WHAT THE TASK ASKS:
Print the listing again exactly, leaving nothing out.

DATA PROVIDED:
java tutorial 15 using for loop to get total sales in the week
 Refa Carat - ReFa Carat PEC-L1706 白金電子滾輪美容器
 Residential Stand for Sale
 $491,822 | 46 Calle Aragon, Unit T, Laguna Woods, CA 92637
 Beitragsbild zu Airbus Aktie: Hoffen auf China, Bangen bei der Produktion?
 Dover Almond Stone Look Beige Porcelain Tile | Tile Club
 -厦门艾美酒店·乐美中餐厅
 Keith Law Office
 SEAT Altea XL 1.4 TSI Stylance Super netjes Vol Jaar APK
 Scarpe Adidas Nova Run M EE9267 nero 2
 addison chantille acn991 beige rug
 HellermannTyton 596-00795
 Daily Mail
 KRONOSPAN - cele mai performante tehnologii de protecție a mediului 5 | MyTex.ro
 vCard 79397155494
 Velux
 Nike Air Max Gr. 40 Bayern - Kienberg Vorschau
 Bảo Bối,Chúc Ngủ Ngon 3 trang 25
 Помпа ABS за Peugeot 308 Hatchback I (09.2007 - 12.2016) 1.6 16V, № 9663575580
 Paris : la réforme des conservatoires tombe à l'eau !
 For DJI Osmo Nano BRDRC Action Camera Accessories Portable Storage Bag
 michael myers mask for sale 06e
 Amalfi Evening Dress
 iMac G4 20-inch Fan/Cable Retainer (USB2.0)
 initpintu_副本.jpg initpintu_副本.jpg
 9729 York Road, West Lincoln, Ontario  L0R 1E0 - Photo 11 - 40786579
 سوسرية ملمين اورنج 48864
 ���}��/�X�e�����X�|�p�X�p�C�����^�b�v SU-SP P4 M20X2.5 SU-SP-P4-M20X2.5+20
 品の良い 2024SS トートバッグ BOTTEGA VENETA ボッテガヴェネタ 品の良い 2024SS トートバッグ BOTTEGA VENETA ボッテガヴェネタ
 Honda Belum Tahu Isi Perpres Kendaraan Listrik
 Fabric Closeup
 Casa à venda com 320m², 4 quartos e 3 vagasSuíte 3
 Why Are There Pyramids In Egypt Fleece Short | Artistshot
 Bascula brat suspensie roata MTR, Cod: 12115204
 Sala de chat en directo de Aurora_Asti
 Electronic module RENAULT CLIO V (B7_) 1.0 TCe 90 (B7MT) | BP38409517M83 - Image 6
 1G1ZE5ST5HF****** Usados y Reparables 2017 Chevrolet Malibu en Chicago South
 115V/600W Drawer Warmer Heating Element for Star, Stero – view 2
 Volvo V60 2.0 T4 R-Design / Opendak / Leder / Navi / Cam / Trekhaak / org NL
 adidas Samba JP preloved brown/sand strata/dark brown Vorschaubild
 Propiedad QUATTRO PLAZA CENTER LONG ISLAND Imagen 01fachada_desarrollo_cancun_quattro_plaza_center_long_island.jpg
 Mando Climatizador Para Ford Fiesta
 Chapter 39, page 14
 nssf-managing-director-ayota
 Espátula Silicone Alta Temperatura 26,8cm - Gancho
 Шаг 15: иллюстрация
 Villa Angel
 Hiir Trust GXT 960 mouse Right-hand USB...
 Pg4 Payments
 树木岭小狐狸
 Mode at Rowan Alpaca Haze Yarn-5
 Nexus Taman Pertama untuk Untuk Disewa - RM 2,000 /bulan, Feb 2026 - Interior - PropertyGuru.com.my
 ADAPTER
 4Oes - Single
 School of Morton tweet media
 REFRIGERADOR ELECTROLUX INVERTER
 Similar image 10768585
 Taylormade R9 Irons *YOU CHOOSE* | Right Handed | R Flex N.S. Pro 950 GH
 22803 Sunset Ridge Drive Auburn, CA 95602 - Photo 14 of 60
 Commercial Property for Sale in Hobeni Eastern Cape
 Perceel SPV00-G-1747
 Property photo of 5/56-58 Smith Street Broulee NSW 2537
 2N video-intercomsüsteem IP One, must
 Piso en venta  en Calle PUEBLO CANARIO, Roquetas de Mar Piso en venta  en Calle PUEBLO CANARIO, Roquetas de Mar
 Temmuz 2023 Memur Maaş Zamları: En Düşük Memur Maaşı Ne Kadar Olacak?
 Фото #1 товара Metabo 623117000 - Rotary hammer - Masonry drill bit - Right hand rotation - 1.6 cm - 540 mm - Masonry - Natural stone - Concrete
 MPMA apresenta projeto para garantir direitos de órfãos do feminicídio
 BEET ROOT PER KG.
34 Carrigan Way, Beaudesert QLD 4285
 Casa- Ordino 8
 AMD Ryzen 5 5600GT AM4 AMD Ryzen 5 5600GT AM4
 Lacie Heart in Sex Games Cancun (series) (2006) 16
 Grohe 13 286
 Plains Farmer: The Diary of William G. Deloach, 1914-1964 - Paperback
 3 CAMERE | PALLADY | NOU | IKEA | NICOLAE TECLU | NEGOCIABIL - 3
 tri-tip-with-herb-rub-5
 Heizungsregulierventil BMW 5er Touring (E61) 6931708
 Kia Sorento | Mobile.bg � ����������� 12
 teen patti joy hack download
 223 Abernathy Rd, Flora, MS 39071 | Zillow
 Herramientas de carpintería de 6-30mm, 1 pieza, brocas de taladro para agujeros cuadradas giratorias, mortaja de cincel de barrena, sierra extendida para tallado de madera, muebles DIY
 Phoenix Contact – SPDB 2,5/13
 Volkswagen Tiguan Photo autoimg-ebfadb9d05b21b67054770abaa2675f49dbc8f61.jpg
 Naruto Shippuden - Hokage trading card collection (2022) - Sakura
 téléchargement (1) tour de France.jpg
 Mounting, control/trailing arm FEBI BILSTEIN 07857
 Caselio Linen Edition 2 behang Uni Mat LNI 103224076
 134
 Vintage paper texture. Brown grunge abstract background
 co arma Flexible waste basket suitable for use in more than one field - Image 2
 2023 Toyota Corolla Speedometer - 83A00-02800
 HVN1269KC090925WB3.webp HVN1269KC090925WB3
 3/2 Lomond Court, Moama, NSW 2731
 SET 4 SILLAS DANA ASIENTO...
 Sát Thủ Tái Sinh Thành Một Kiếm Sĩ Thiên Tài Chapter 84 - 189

RESPONSE TO THE EXERCISE:
java tutorial 15 using for loop to get total sales in the week
 Refa Carat - ReFa Carat PEC-L1706 白金電子滾輪美容器
 Residential Stand for Sale
 $491,822 | 46 Calle Aragon, Unit T, Laguna Woods, CA 92637
 Beitragsbild zu Airbus Aktie: Hoffen auf China, Bangen bei der Produktion?
 Dover Almond Stone Look Beige Porcelain Tile | Tile Club
 -厦门艾美酒店·乐美中餐厅
 Keith Law Office
 SEAT Altea XL 1.4 TSI Stylance Super netjes Vol Jaar APK
 Scarpe Adidas Nova Run M EE9267 nero 2
 addison chantille acn991 beige rug
 HellermannTyton 596-00795
 Daily Mail
 KRONOSPAN - cele mai performante tehnologii de protecție a mediului 5 | MyTex.ro
 vCard 79397155494
 Velux
 Nike Air Max Gr. 40 Bayern - Kienberg Vorschau
 Bảo Bối,Chúc Ngủ Ngon 3 trang 25
 Помпа ABS за Peugeot 308 Hatchback I (09.2007 - 12.2016) 1.6 16V, № 9663575580
 Paris : la réforme des conservatoires tombe à l'eau !
 For DJI Osmo Nano BRDRC Action Camera Accessories Portable Storage Bag
 michael myers mask for sale 06e
 Amalfi Evening Dress
 iMac G4 20-inch Fan/Cable Retainer (USB2.0)
 initpintu_副本.jpg initpintu_副本.jpg
 9729 York Road, West Lincoln, Ontario  L0R 1E0 - Photo 11 - 40786579
 سوسرية ملمين اورنج 48864
 ���}��/�X�e�����X�|�p�X�p�C�����^�b�v SU-SP P4 M20X2.5 SU-SP-P4-M20X2.5+20
 品の良い 2024SS トートバッグ BOTTEGA VENETA ボッテガヴェネタ 品の良い 2024SS トートバッグ BOTTEGA VENETA ボッテガヴェネタ
 Honda Belum Tahu Isi Perpres Kendaraan Listrik
 Fabric Closeup
 Casa à venda com 320m², 4 quartos e 3 vagasSuíte 3
 Why Are There Pyramids In Egypt Fleece Short | Artistshot
 Bascula brat suspensie roata MTR, Cod: 12115204
 Sala de chat en directo de Aurora_Asti
 Electronic module RENAULT CLIO V (B7_) 1.0 TCe 90 (B7MT) | BP38409517M83 - Image 6
 1G1ZE5ST5HF****** Usados y Reparables 2017 Chevrolet Malibu en Chicago South
 115V/600W Drawer Warmer Heating Element for Star, Stero – view 2
 Volvo V60 2.0 T4 R-Design / Opendak / Leder / Navi / Cam / Trekhaak / org NL
 adidas Samba JP preloved brown/sand strata/dark brown Vorschaubild
 Propiedad QUATTRO PLAZA CENTER LONG ISLAND Imagen 01fachada_desarrollo_cancun_quattro_plaza_center_long_island.jpg
 Mando Climatizador Para Ford Fiesta
 Chapter 39, page 14
 nssf-managing-director-ayota
 Espátula Silicone Alta Temperatura 26,8cm - Gancho
 Шаг 15: иллюстрация
 Villa Angel
 Hiir Trust GXT 960 mouse Right-hand USB...
 Pg4 Payments
 树木岭小狐狸
 Mode at Rowan Alpaca Haze Yarn-5
 Nexus Taman Pertama untuk Untuk Disewa - RM 2,000 /bulan, Feb 2026 - Interior - PropertyGuru.com.my
 ADAPTER
 4Oes - Single
 School of Morton tweet media
 REFRIGERADOR ELECTROLUX INVERTER
 Similar image 10768585
 Taylormade R9 Irons *YOU CHOOSE* | Right Handed | R Flex N.S. Pro 950 GH
 22803 Sunset Ridge Drive Auburn, CA 95602 - Photo 14 of 60
 Commercial Property for Sale in Hobeni Eastern Cape
 Perceel SPV00-G-1747
 Property photo of 5/56-58 Smith Street Broulee NSW 2537
 2N video-intercomsüsteem IP One, must
 Piso en venta  en Calle PUEBLO CANARIO, Roquetas de Mar Piso en venta  en Calle PUEBLO CANARIO, Roquetas de Mar
 Temmuz 2023 Memur Maaş Zamları: En Düşük Memur Maaşı Ne Kadar Olacak?
 Фото #1 товара Metabo 623117000 - Rotary hammer - Masonry drill bit - Right hand rotation - 1.6 cm - 540 mm - Masonry - Natural stone - Concrete
 MPMA apresenta projeto para garantir direitos de órfãos do feminicídio
 BEET ROOT PER KG.
34 Carrigan Way, Beaudesert QLD 4285
 Casa- Ordino 8
 AMD Ryzen 5 5600GT AM4 AMD Ryzen 5 5600GT AM4
 Lacie Heart in Sex Games Cancun (series) (2006) 16
 Grohe 13 286
 Plains Farmer: The Diary of William G. Deloach, 1914-1964 - Paperback
 3 CAMERE | PALLADY | NOU | IKEA | NICOLAE TECLU | NEGOCIABIL - 3
 tri-tip-with-herb-rub-5
 Heizungsregulierventil BMW 5er Touring (E61) 6931708
 Kia Sorento | Mobile.bg � ����������� 12
 teen patti joy hack download
 223 Abernathy Rd, Flora, MS 39071 | Zillow
 Herramientas de carpintería de 6-30mm, 1 pieza, brocas de taladro para agujeros cuadradas giratorias, mortaja de cincel de barrena, sierra extendida para tallado de madera, muebles DIY
 Phoenix Contact – SPDB 2,5/13
 Volkswagen Tiguan Photo autoimg-ebfadb9d05b21b67054770abaa2675f49dbc8f61.jpg
 Naruto Shippuden - Hokage trading card collection (2022) - Sakura
 téléchargement (1) tour de France.jpg
 Mounting, control/trailing arm FEBI BILSTEIN 07857
 Caselio Linen Edition 2 behang Uni Mat LNI 103224076
 134
 Vintage paper texture. Brown grunge abstract background
 co arma Flexible waste basket suitable for use in more than one field - Image 2
 2023 Toyota Corolla Speedometer - 83A00-02800
 HVN1269KC090925WB3.webp HVN1269KC090925WB3
 3/2 Lomond Court, Moama, NSW 2731
 SET 4 SILLAS DANA ASIENTO...
 Sát Thủ Tái Sinh Thành Một Kiếm Sĩ Thiên Tài Chapter 84 - 189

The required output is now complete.